### [YOUR TASK]
Transcribe the records that follow. Keep every word exactly, and drop the pictures.

### [MATERIAL SHOWN]
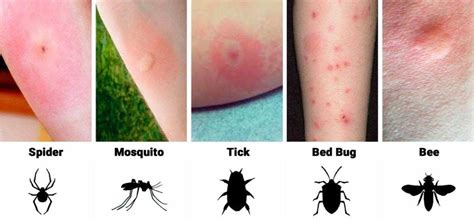 Bed Bug Bite Symptoms - wall mounted bunk ca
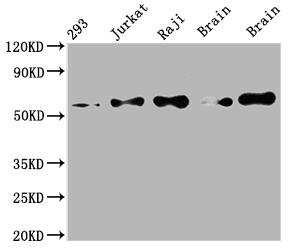 PAK2 Antibody (6D12)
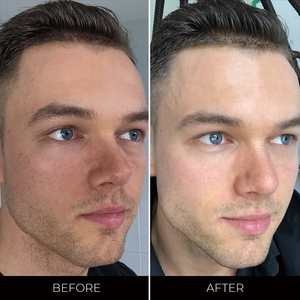 Marque privée OEM Produits de soin de la peau pour hommes Soins personnels pour hommes Nettoyant pour le visage anti-acné Kit de toilettage rafraîchissant pour hommes - Product Image 4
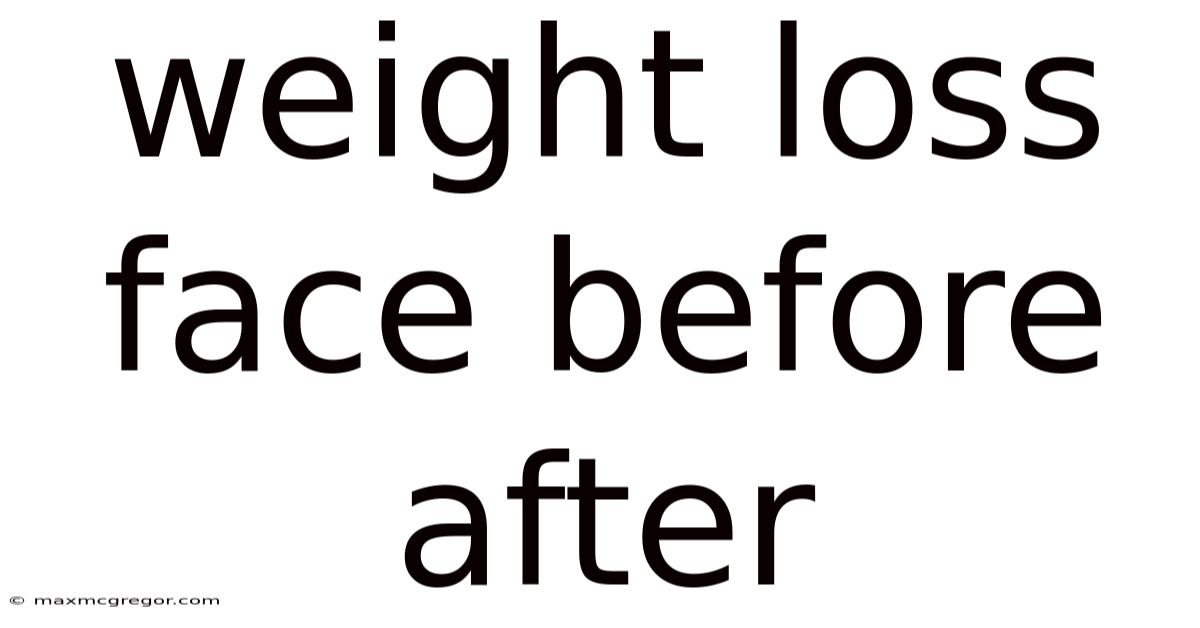 Weight Loss Face Before After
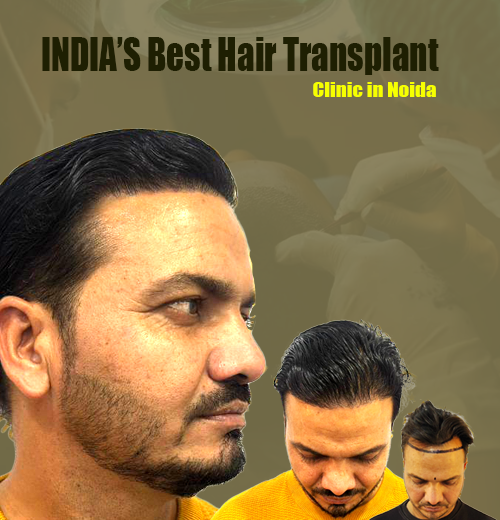 crown density best hair transplant clinic in Noida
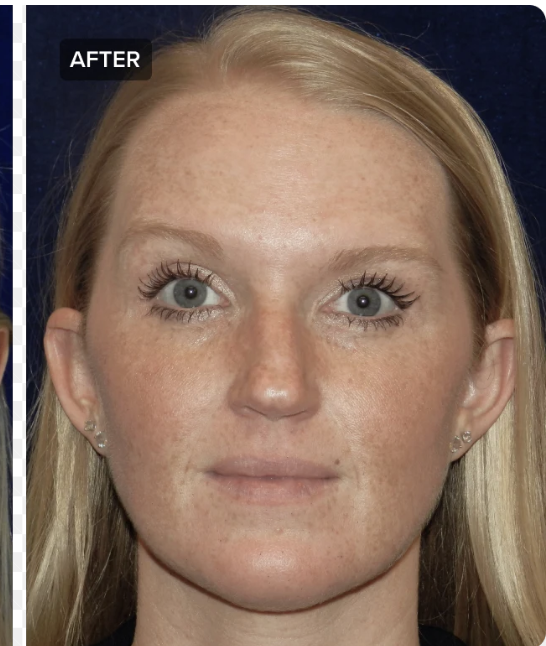 After - 1 Session of Anti-Wrinkle Injections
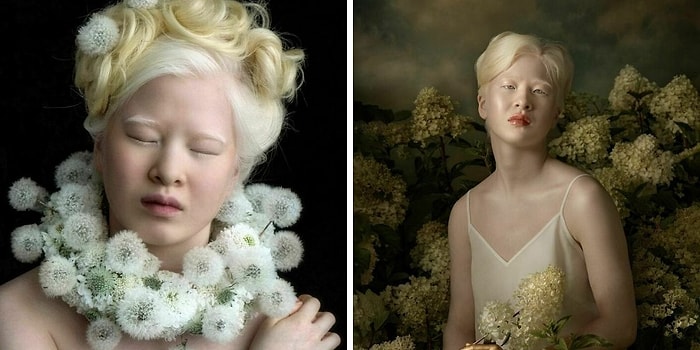 Брошенная в младенчестве из-за альбинизма девочка выросла, чтобы стать моделью Vogue (20 фото)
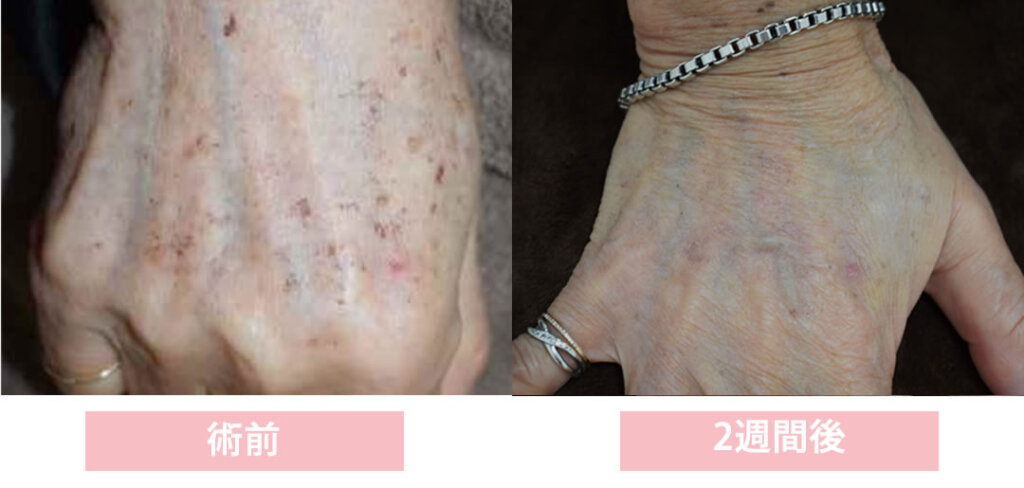 手のシミの光治療２週間後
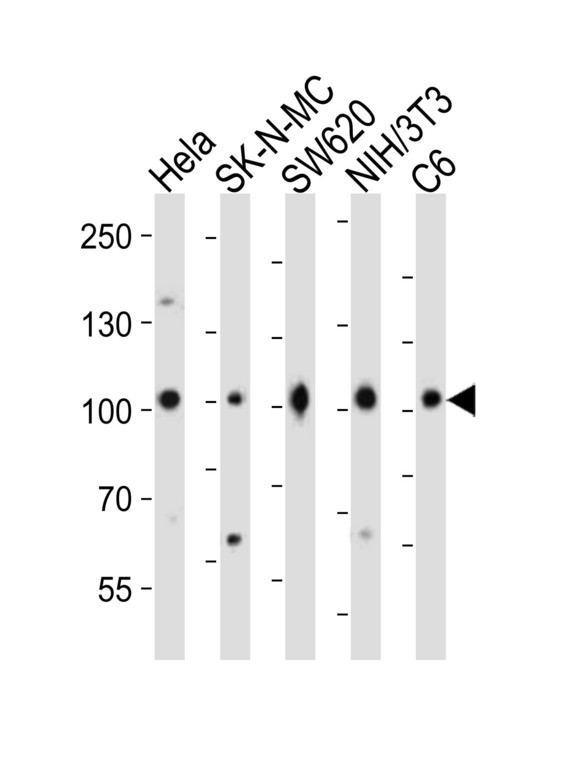 CTNNB1 / Beta Catenin Antibody - Western blot of lysates from HeLa, SK-N-MC, SW620, mouse NIH/3T3, rat C6 cell line (from left to right) with CTNNB1 Antibody. Antibody was diluted at 1:1000 at each lane. A goat anti-rabbit IgG H&L (HRP) at 1:10000 dilution was used as the secondary antibody. Lysates at 20 ug per lane.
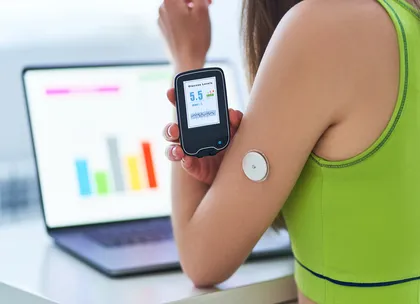 CGM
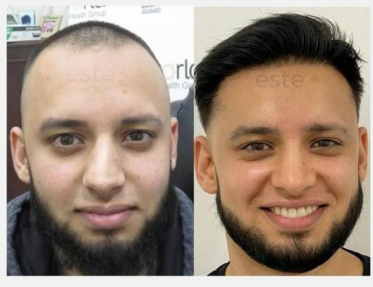 What makes FUE Hair Transplant Procedure the most Successful Technique?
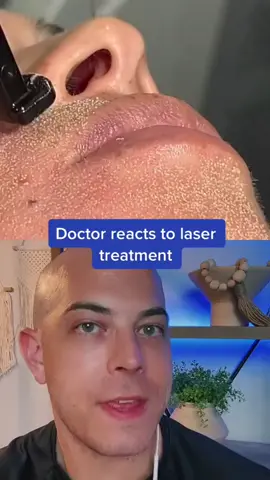 Amazing laser procedure! -- #squeezeyuk #acne #pimple #pimplepop #blackhead #satisfying #foryoupage #foryou  #تنظيف_بشره  #whiteheads #رؤوس_سوداء #عنايه_بالبشره #دهون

### [TASK ANSWER]
 Bed Bug Bite Symptoms - wall mounted bunk ca
 PAK2 Antibody (6D12)
 Marque privée OEM Produits de soin de la peau pour hommes Soins personnels pour hommes Nettoyant pour le visage anti-acné Kit de toilettage rafraîchissant pour hommes - Product Image 4
 Weight Loss Face Before After
 crown density best hair transplant clinic in Noida
 After - 1 Session of Anti-Wrinkle Injections
 Брошенная в младенчестве из-за альбинизма девочка выросла, чтобы стать моделью Vogue (20 фото)
 手のシミの光治療２週間後
 CTNNB1 / Beta Catenin Antibody - Western blot of lysates from HeLa, SK-N-MC, SW620, mouse NIH/3T3, rat C6 cell line (from left to right) with CTNNB1 Antibody. Antibody was diluted at 1:1000 at each lane. A goat anti-rabbit IgG H&L (HRP) at 1:10000 dilution was used as the secondary antibody. Lysates at 20 ug per lane.
 CGM
 What makes FUE Hair Transplant Procedure the most Successful Technique?
 Amazing laser procedure! -- #squeezeyuk #acne #pimple #pimplepop #blackhead #satisfying #foryoupage #foryou  #تنظيف_بشره  #whiteheads #رؤوس_سوداء #عنايه_بالبشره #دهون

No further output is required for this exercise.